Over the past decade the business model of software companies providing information systems to construction-related businesses has evolved significantly. Traditionally, implementing a comprehensive software system has been a service-intensive task, requiring significant accounting, technical and management experience on the part of the provider, and a serious commitment of both time and money on the part of the client. Often contractors had a close and long-term business relationship with a local provider of software and various training, support, and IT services. These relationships were critical to the success of the implementation and ongoing support of the software systems.

Now that this market has stabilized, and the technology matured, some software companies have attempted to take over the provision of these services and support, often outsourcing these services to foreign countries. This tactic has met with mixed success, since their employees were seldom equipped with the necessary communications, industry knowledge and technical skills. Recently, flush with cash and short on new customers, software companies decided that the best way to stabilize and increase their market share would be by acquisition. No company has more aggressively pursued this strategy than Viewpoint, a leading construction software vendor in Portland, Oregon.

One of Viewpoint’s early acquisitions was Construction Imaging Systems (CIS), a provider of document management, invoice routing, and other systems to hundreds of construction companies. While at first CIS customers hoped for improvements in software and support from Viewpoint, it wasn’t long before Viewpoint decided to “sunset” this program. Customers were left with the choice of continuing to use an unsupported system with no updates, and purchasing expensive new software from Viewpoint to replace their CIS system. Several other companies acquired by Viewpoint met similar fates.

More recent acquisitions by Viewpoint included Dexter-Chaney and Maxwell Systems, two of Viewpoint’s most significant competitors. Again, customers hoped that Viewpoint would provide additional features and better support for their existing systems, but soon it became clear that this was not their intent at all. Customers using Maxwell’s American Contractor package were told that their system would no longer be supported, but that they would qualify for “a special deal” on a much more expensive system.

Then, customers using Maxwell’s Management Suite, a comprehensive and high-end system with a large customer base, were told that this product is also going to be discontinued, but that they too would qualify for a “special deal” on more expensive software, along with (costly) assistance in the tremendous task of implementing the new system and providing training for dozens of employees who were perfectly content with their existing system.

Now that Viewpoint is part of https://www.trimble.com/ , the long-term future of the Dexter-Chaney software, and Maxwell ProContractor, is unclear. For the time being, however, these programs continue to be supported.

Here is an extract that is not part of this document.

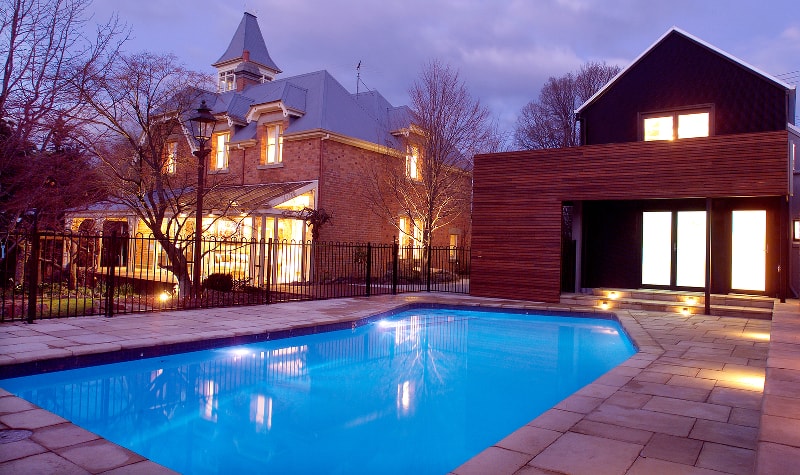 Backyard pool at night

It would not have been that difficult for Viewpoint to continue maintaining their existing systems for years to come, instead of implementing a policy of “forced obsolescence.” Customers could then move to more sophisticated platforms at their own pace; both Sage and Infor (Viewpoint’s biggest competitors) seem to have taken that route. Both Infor and Sage now offer upgrade paths to cloud-based systems, as well as enhancements and support for their existing product lines.

After the Trimble acquisition, most large/mid-sized construction-related businesses will be using software from one of three companies: Trimble (Viewpoint, ProContractor, etc.); Sage (Timberline, MasterBuilder, MAS*90, etc.); or Infor (Starbuilder, TCM, Infor/Construction, etc.). Smaller companies will continue to use Intuit (Quickbooks), or one of the newer general purpose accounting systems. A few outliers, like Bluegrass, Accu-build, Foundation, and others, mostly small, one-product family-owned companies, may find it difficult to compete, and may be hoping to sell their company to one of their much larger competitors.

At D. Miller Associates, we believe that as long as your software system meets your needs, and is built around a technically viable platform like SQL/Server, no one should force you into moving your company to a new software system.